Planning permission for the development of 30 apartments and more than 300 student bed spaces on the outskirts of Limerick city has been quashed by the High Court.
Environmental Trust Ireland (ETI) succeeded in its challenge to the strategic housing development, which had received fast-track approval from An Bord Pleanála in August of last year.
Mr Justice David Holland overturned the permission on a single ground, finding that the planning board failed to send ETI’s 100-page submission on the development to the local council within the required time limit.
The board’s delay in sending the submission caused the chief executive of the council to submit his report to the planning authority without referencing ETI’s points.

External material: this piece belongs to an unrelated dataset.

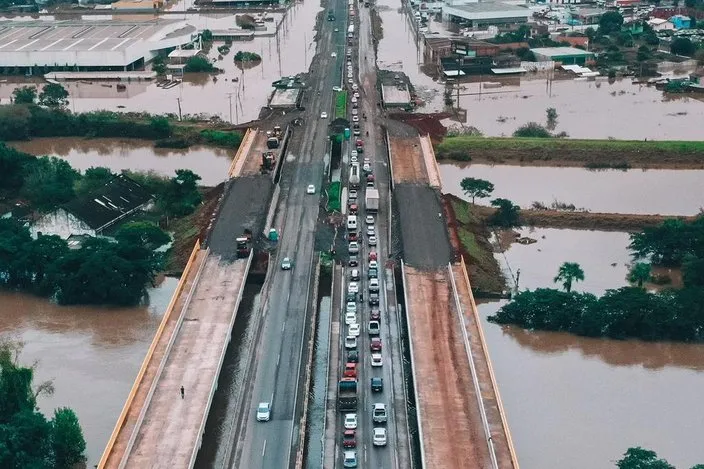 Obras emergências feitas pelo Dnit permitiram liberação do tráfego sobre a Ponte do Rio dos Sinos. Dnit / Divulgação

The four to six-storey blocks comprise 30 build-to-rent apartments and 70 further apartments catering for 326 student bed spaces on land at Punches Cross, which is currently occupied by a partially demolished petrol station and other disused buildings.
A previous application for virtually the same development by the same developer, Cloncaragh Investments Ltd, was refused in 2019 because the board was not satisfied then, beyond reasonable scientific doubt, that it would not negatively affect the integrity of various legally-protected areas nearby.

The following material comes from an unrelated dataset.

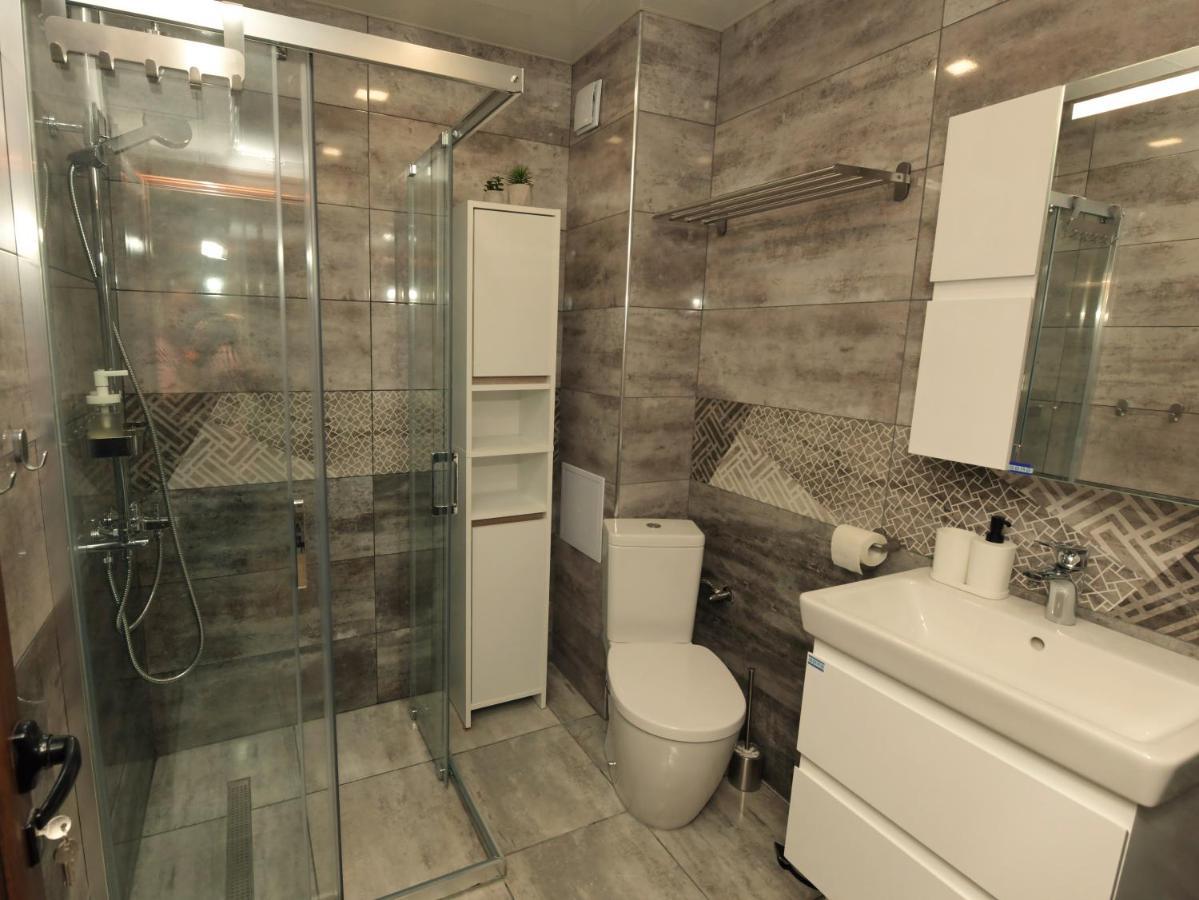 Kalina Apartment Kazanlŭk المظهر الخارجي الصورة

For Cloncaragh’s subsequent application, An Bord Pleanála’s planning inspector considered third-party concerns about contaminated lands at the site and noted it previously operated as a limestone quarry.
She was satisfied that proposed mitigation measures, such as employing a specialist groundwater control contractor to implement a groundwater control scheme, were robust and sufficient to address the concerns.

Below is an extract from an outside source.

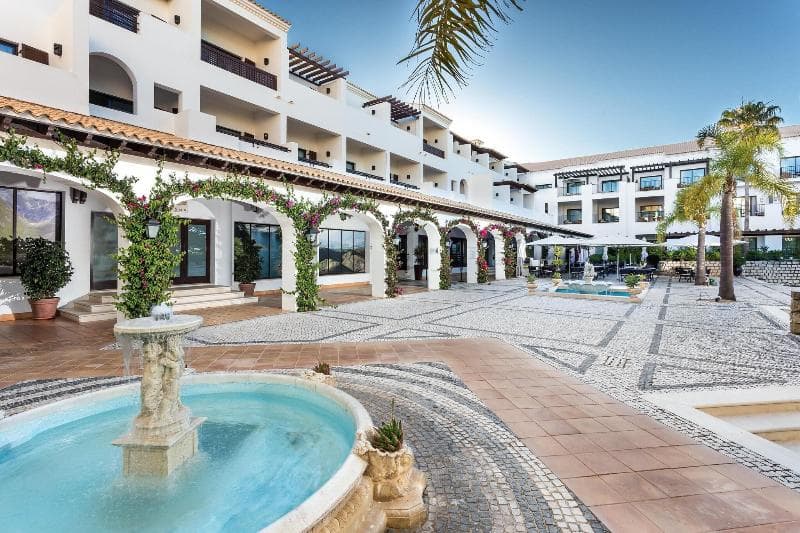 Pine Cliffs Hotel, A Luxury Collection Resort, Algarve 2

The inspector concluded that the proposed development would not adversely affect the integrity of protected areas.
In his judgment, Mr Justice Holland held against ETI on its complaint that the board had not ensured that the proposed development would not adversely affect the integrity of the Lower Shannon River, which is a special area of conservation.
ETI alleged the proposed build would give rise to the leaching of cement and other on-site pollutants into groundwater, which would in turn flow to the protected area’s conservation objectives.
It claimed that an environmental screening of the proposal contained various inadequacies, including a failure to identify and consider the risk of cement entering the groundwater.
The board said it had reached the certainty threshold required in finding the development would not negatively affect protected areas. It submitted to the court that ETI must argue how the protected area’s objectives might be disturbed by alleged cement leaching.
In failing ETI on this ground of the challenge, the judge said it did not meet its light burden of proof in putting forward its complaint that there existed a risk of cement leaching that would affect a protected area.
It would be “pointless” if environmental screening required the identification and recording of non-existent risks for the purpose of recording them as non-existent, he said.